[Image-caption web data]

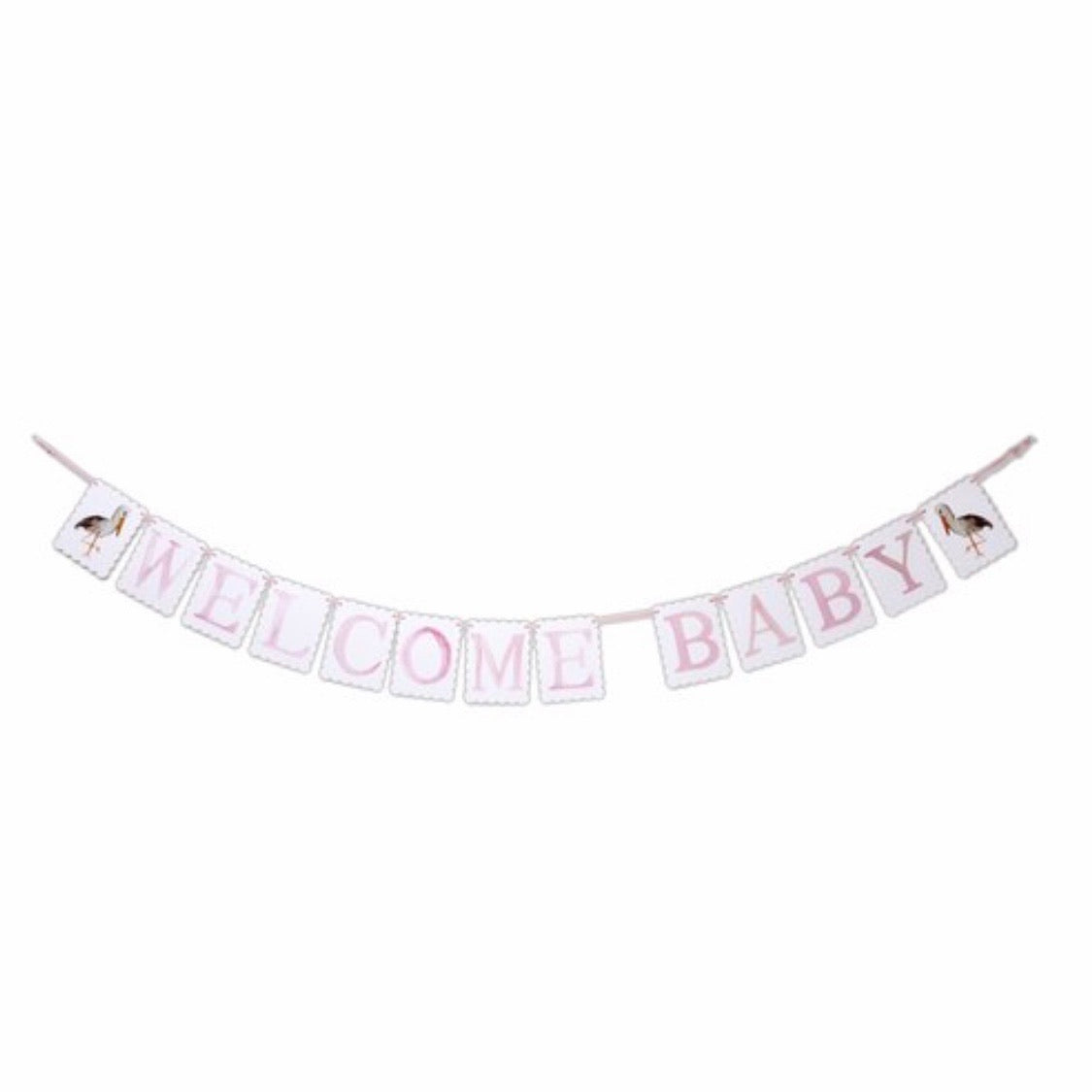 Welcome Baby Girl Stork Banner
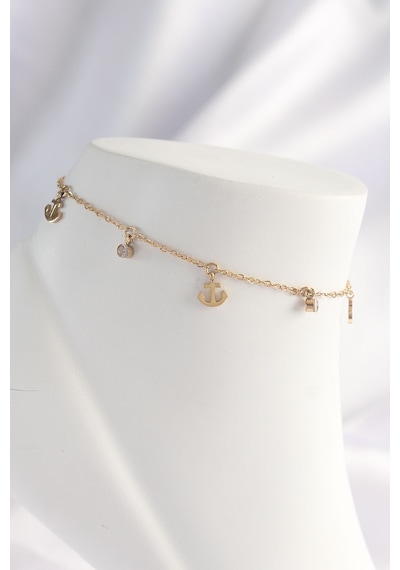 Ezoconcept 316l Çelik Gold Renk Zirkon Taşlı Minimal Çapa Tasarımlı Halhal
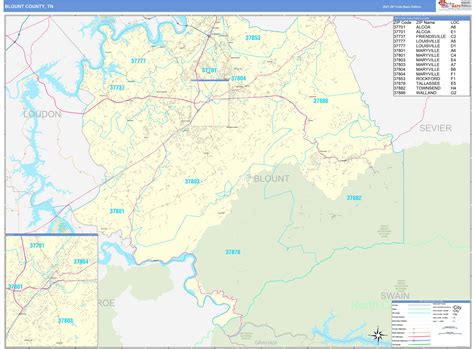 Blount County Tn Zip Code Wall Map Basic Style By Marketmaps Mapsales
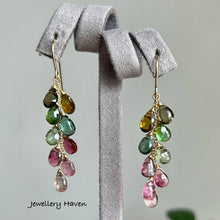 Load image into Gallery viewer, Tourmaline cascade earrings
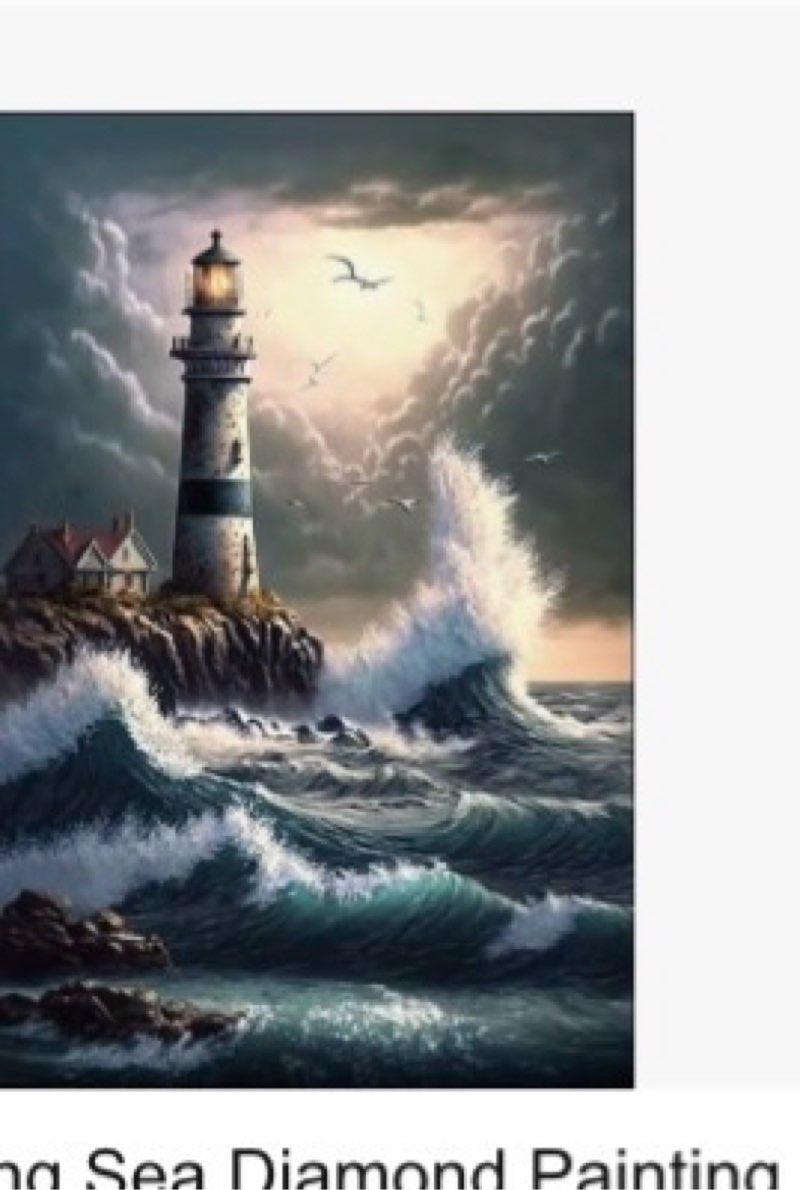 Roaring Sea Diamond Painting Kits - Nocturnal Lighthouse Diamond Painting, Full Circle Gemstone Crys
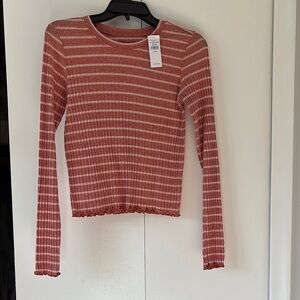 American Eagle Outfitters Orange Ribbed Long Sleeve Blouse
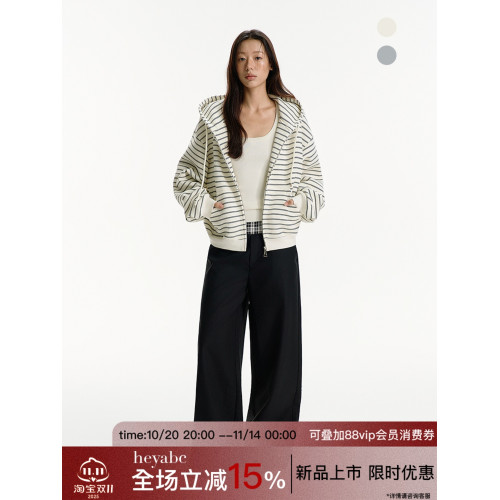 HEYABC 秋冬條紋連帽衛衣開衫女2025寬松休閒百搭慵懶風外套上衣 HEYABC 秋冬條紋連帽衛衣開衫女2025寬松休閒百搭慵懶風外套上衣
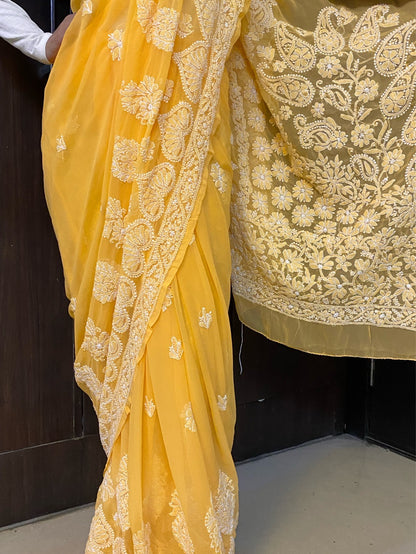 Mango Yellow Chikankari Skirt Embroidered Saree - Famous Chikankari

** Problem description **
Please quote exactly the run of lines that starts the entries and ends at the line containing "Load image into", leaving out every picture.

** Reply to the task **
 Welcome Baby Girl Stork Banner
 Ezoconcept 316l Çelik Gold Renk Zirkon Taşlı Minimal Çapa Tasarımlı Halhal
 Blount County Tn Zip Code Wall Map Basic Style By Marketmaps Mapsales
 Load image into Gallery viewer, Tourmaline cascade earrings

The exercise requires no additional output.